__Work to complete__
In the records that follow, find the line with "Camisola principal Boca"; from there, retype every line exactly through the line with "niko and...（ニコ", which also belongs to the answer.

START Input material

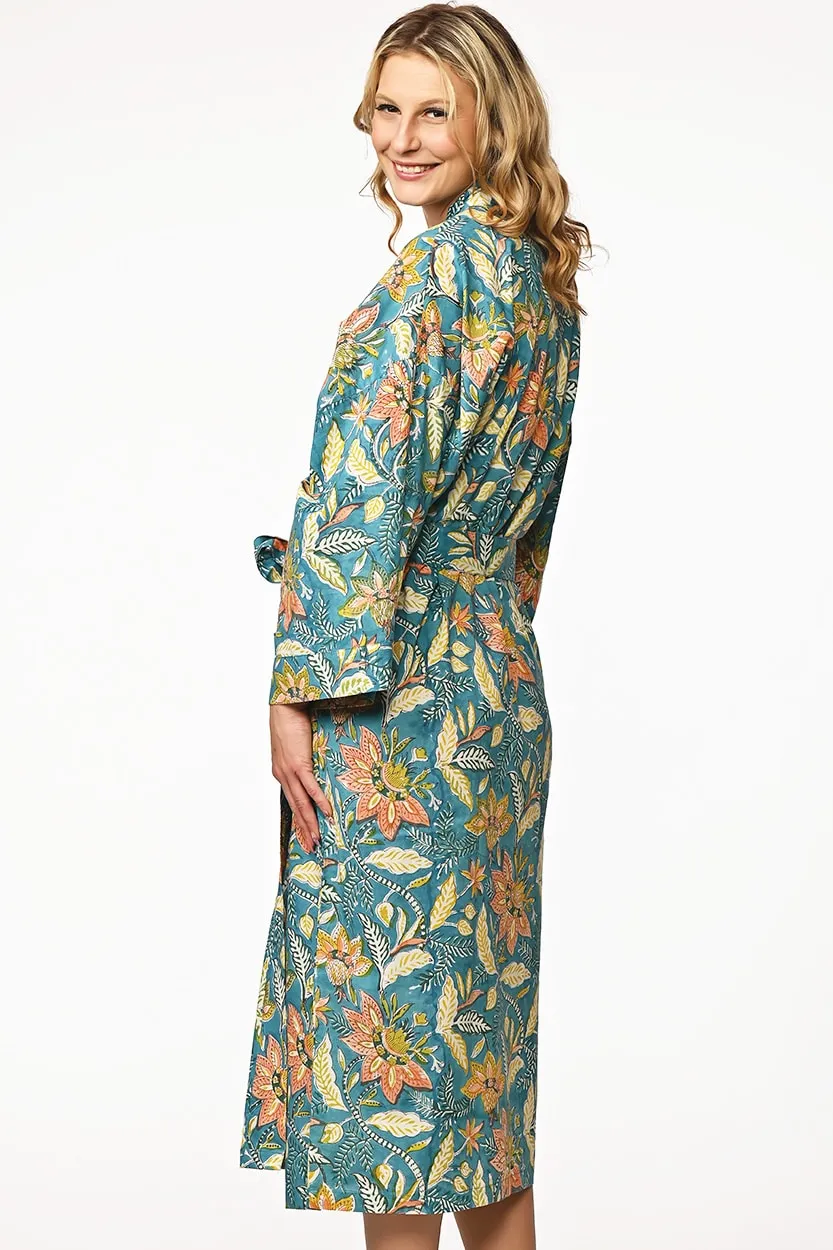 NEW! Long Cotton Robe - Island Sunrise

END Input material
START Input material

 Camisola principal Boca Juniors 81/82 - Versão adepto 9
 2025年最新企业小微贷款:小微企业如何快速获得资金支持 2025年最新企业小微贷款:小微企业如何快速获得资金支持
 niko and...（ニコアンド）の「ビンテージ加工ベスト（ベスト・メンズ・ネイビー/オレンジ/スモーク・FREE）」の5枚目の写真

END Input material
START Input material

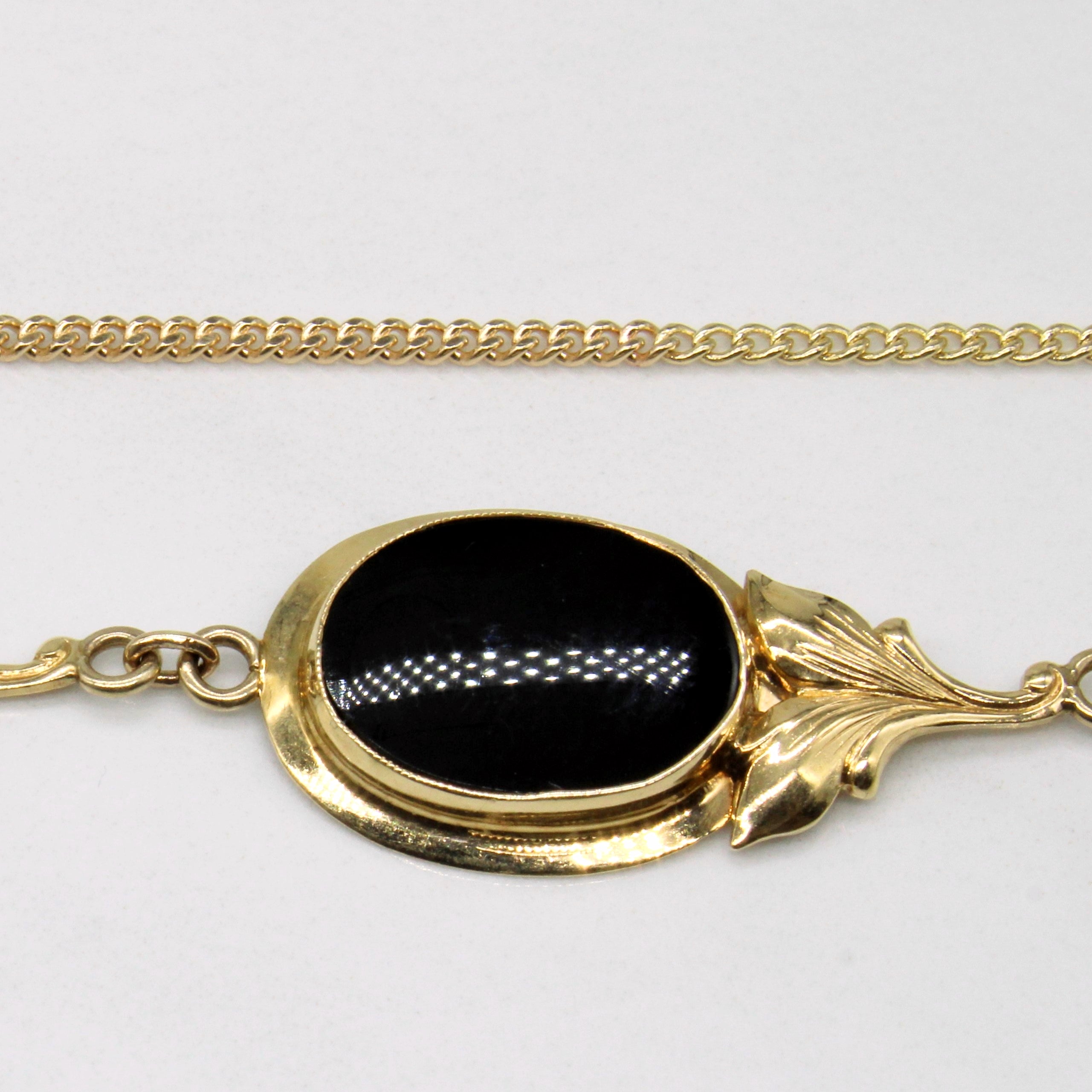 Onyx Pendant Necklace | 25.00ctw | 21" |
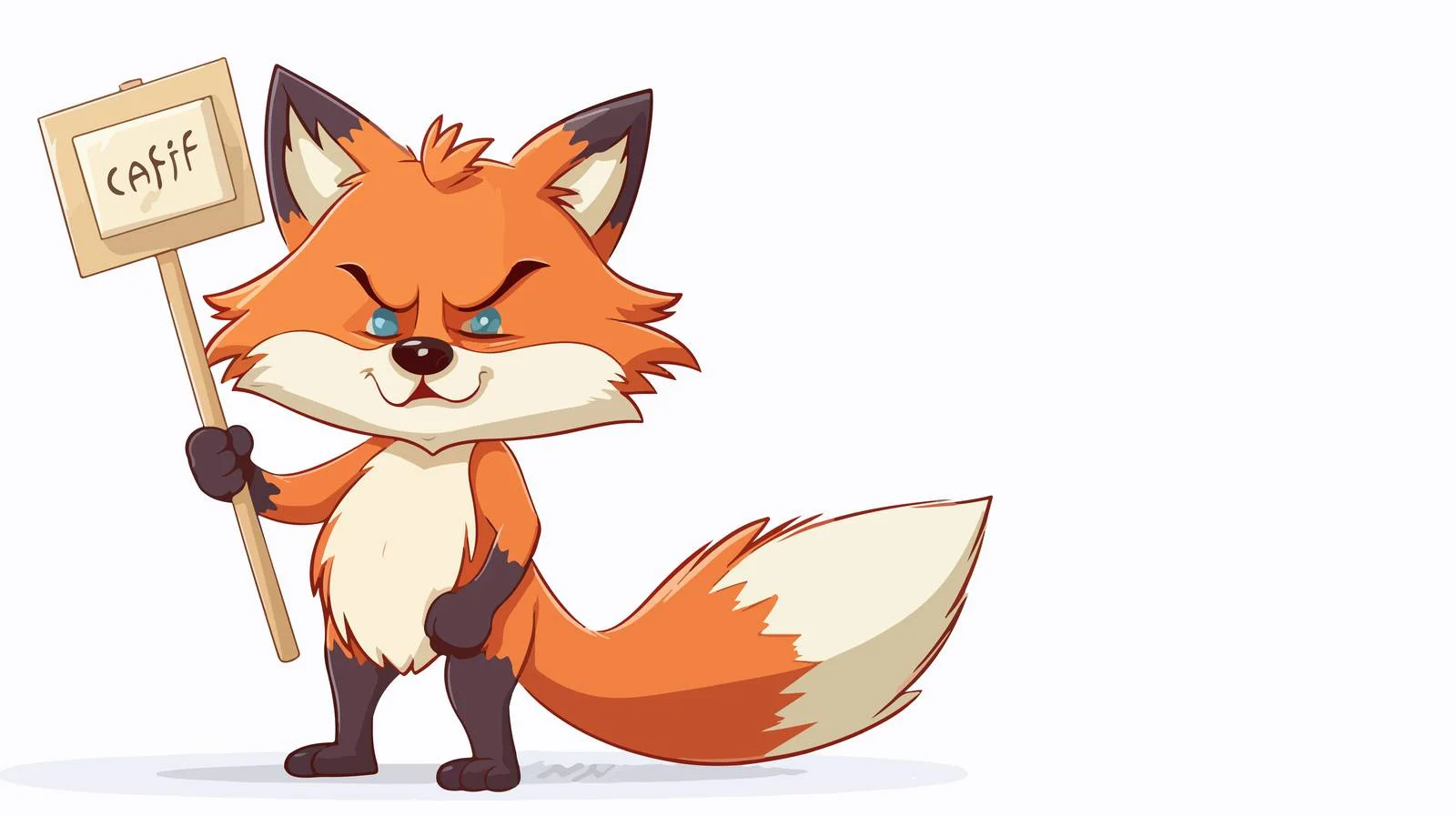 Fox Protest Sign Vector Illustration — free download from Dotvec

END Input material

__Exercise response__
 Camisola principal Boca Juniors 81/82 - Versão adepto 9
 2025年最新企业小微贷款:小微企业如何快速获得资金支持 2025年最新企业小微贷款:小微企业如何快速获得资金支持
 niko and...（ニコアンド）の「ビンテージ加工ベスト（ベスト・メンズ・ネイビー/オレンジ/スモーク・FREE）」の5枚目の写真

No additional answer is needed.